Reyna Gordon

Reyna Gordon
Reyna Gordon

Ph.D., Complex Systems & Brain Sciences, August, 2010

Current Position: Postdoctoral Fellow, Vanderbilt University

 

Dissertation: 

NEURAL AND BEHAVIORAL CORRELATES OF SONG PROSODY

This dissertation studies the neural basis of song, a universal human behavior. The fine temporal resolution of electroencephalography (EEG) was used to investigate the relationship of between words and melodies in the perception of song at phonological, semantic, melodic, and rhythmic levels of processing. The observations help shed light on a ubiquitous human experience and also inform the discussion of whether language and music share neural resources or recruit domain-specific neural mechanisms.

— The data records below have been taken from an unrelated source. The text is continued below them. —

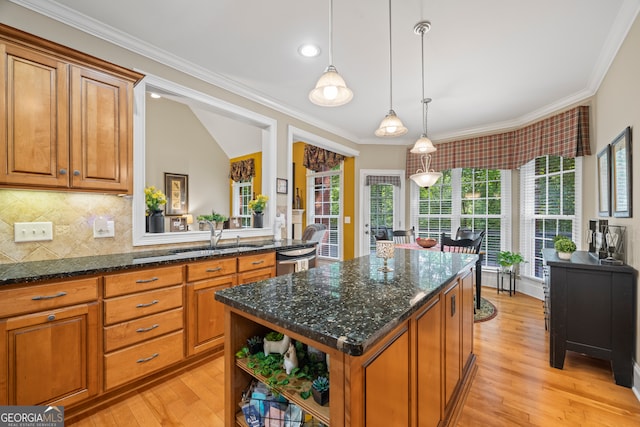 kitchen featuring light wood-type flooring, a center island, sink, and hanging light fixtures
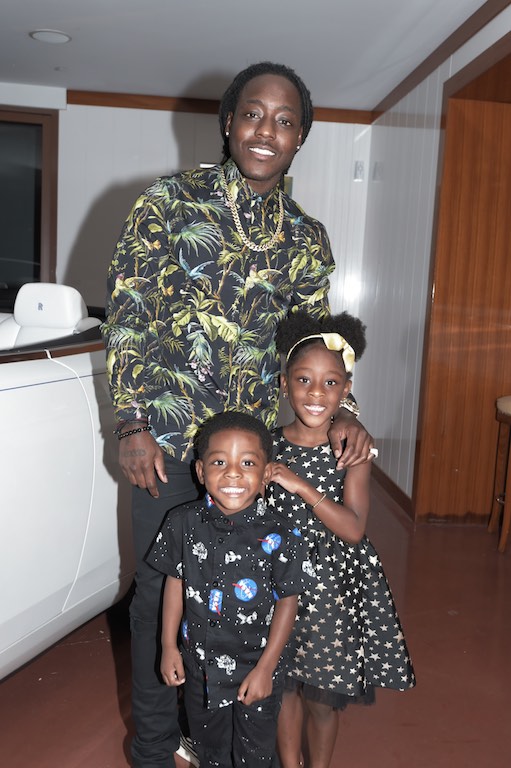 Ace Hood with children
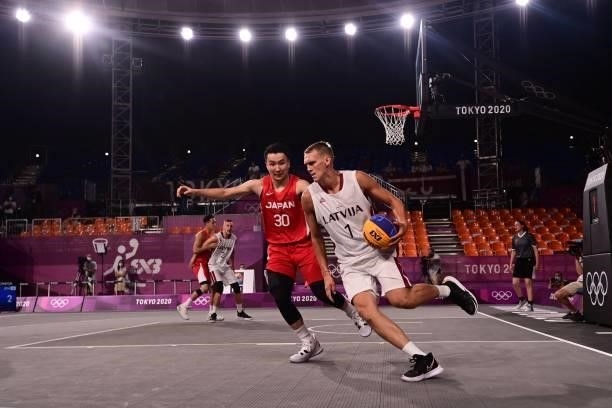 Latvia's Nauris Miezis runs with the ball past Japan's Keisei Tominaga during the men's quarter final 3x3 basketball match between Latvia and Japan...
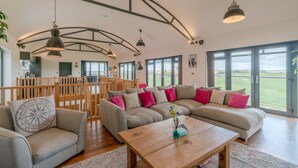 A spacious living area with a large sectional sofa, a wooden coffee table, and multiple hanging pendant lights. - Lower Lodge Barn - sleeps 8 guests  in 4 bedrooms (Alcester)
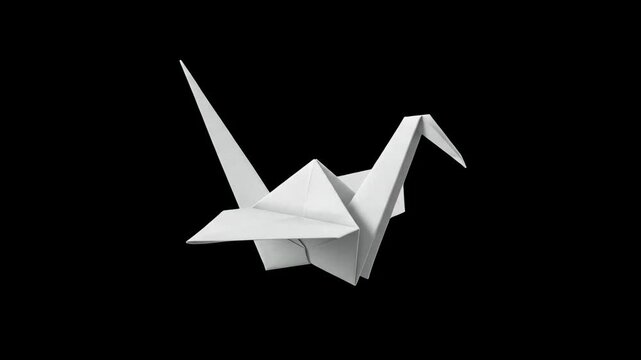 A classic white paper origami crane bird isolated against a solid black background. Ideal for Japanese cultural videos, paper craft tutorials, peace symbol graphics, minimalist design projects, and el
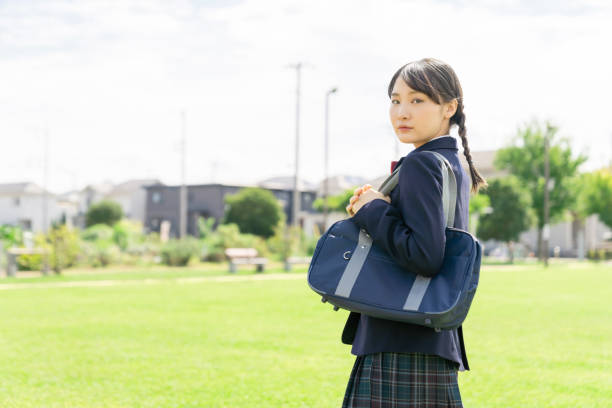 istock Asian female high school student commuting to school. 1311753352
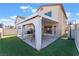 Backyard features a covered patio, artificial grass, and a basketball hoop at 1618 Meno Peak St, Las Vegas, NV 89115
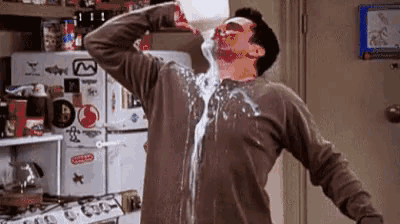 a man is drinking milk from a container in a kitchen with milk pouring out of his shirt .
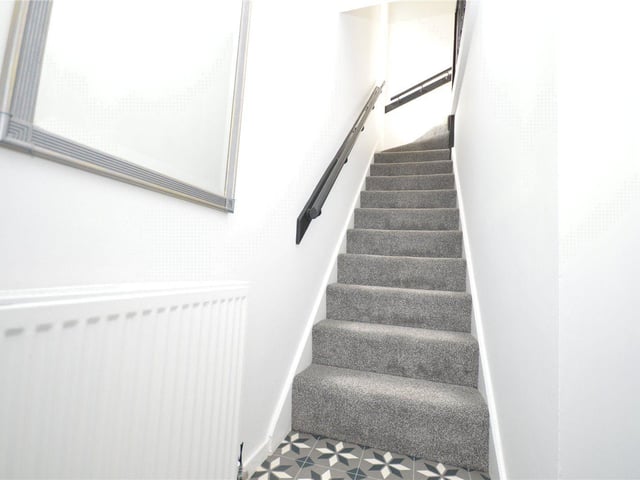 The stairs lead to the first floor where the bedrooms can be found.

Experiment 1 was designed to determine whether words and melody in song are processed interactively or independently. Participants listened to sung words in which the melodies and/or the words were similar or different, and performed a same/different task while attending to the linguistic and musical dimensions in separate blocks of trials. Event-Related Brain Potentials and behavioral data converged in showing interactive processing between the musical and dimensions of sung words, regardless of the direction of attention. In particular, the N400 component, a well-established marker of semantic processing, was modulated by musical melody. The observation that that variations in musical features affect lexico-semantic processing in sung language was a novel finding with implications for shared neural resources between language and music.

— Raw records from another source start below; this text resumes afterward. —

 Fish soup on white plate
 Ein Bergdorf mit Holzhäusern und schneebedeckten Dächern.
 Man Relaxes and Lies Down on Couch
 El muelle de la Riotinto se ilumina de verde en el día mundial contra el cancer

Experiment 2 was designed to explore the idea that well-aligned textsettings, in which the strong syllables occur on strong beats, capture listeners’ attention and help them to better understand song lyrics. EEG was recorded while participants listened to sung sentences that were Well-aligned, Misaligned, and Varied, and performed a lexical decision task on subsequently presented visual targets. Results showed that induced beta and evoked gamma power were modulated differently for well-aligned and misaligned syllables, and that task performance was adversely affected when visual targets followed misaligned and varied sentences. These findings suggest that alignment of linguistic stress and musical meter in song enhance beat tracking and linguistic segmentation by entraining periodic neural oscillations to events occurring on strong metrical positions. A series of follow-up studies has been outlined to further investigate the relationship between rhythmic attending in speech and music, as well as the influence of metrical alignment in songs on childhood language acquisition.